MANY people have repeatedly argued that once a piece of information is public it is no longer private. This is grossly incorrect. It is also usually a bald-faced justification for the kinds of broken Big Data business models which have inspired many in this community to create a better alternative. Semantically, these terms are essentially meaningless. As such, it is incorrect scoping for determining what is or is not in the DID Document.

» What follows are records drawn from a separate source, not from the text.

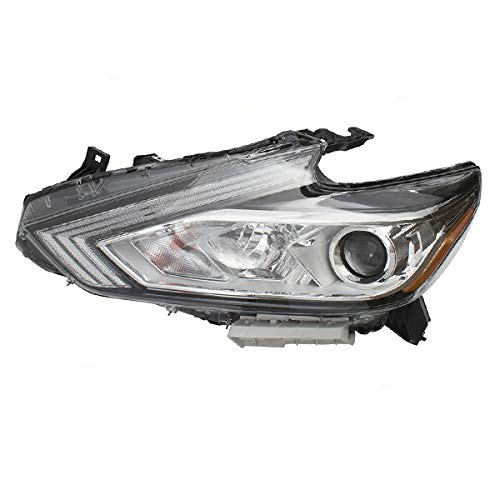 CAPA 16-18 Nissan Altima Headlight Assembly - Left Driver Side Non-LED DRL Replacement with Bulb Included | Perfect for Night Driving & Vehicle Safety Upgrades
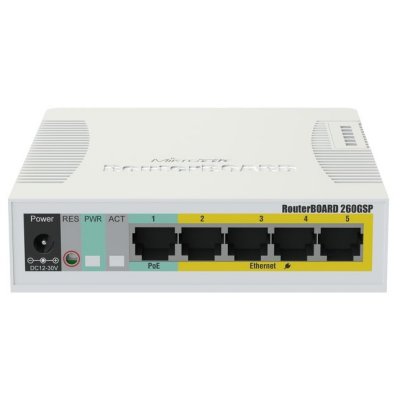    Mikrotik RB260GSP, 1xSFP, 5x10/100/1000 Gigabit Ethernet, PoE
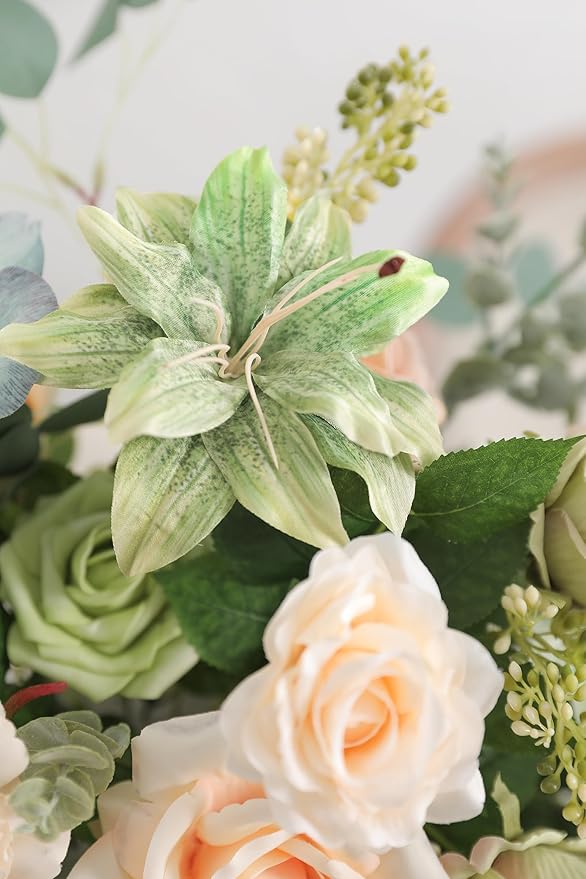 Artificial Flowers Mixed Silk Bundle, Dahlia Rose Lily and Tulip Blooms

What goes in the document should ONLY be information that enables secure resolution of appropriate resources, within the meaning of RFC 3986 https://tools.ietf.org/html/rfc3986#page-28:

URI "resolution" is the process of determining an access mechanism and the appropriate parameters necessary to dereference a URI;

You wouldn't say that a DNS record is about the owner of the record. It's about how you turn that identifier into service endpoints. In the same way, what is in the DID Document is not about the Subject, it is about how you interact with the Subject securely. That is a very specific subset of information "about the Subject".

Asserting the broader statement will lead to inappropriate information included in DID Documents rather than expressing them through other secure or verifiable mechanisms, like VCs. This would directly undermine the separation of concerns that underlies the entire framework of VCs and DIDs and the idea of decentralized identity as we--as a community--have been working on for years.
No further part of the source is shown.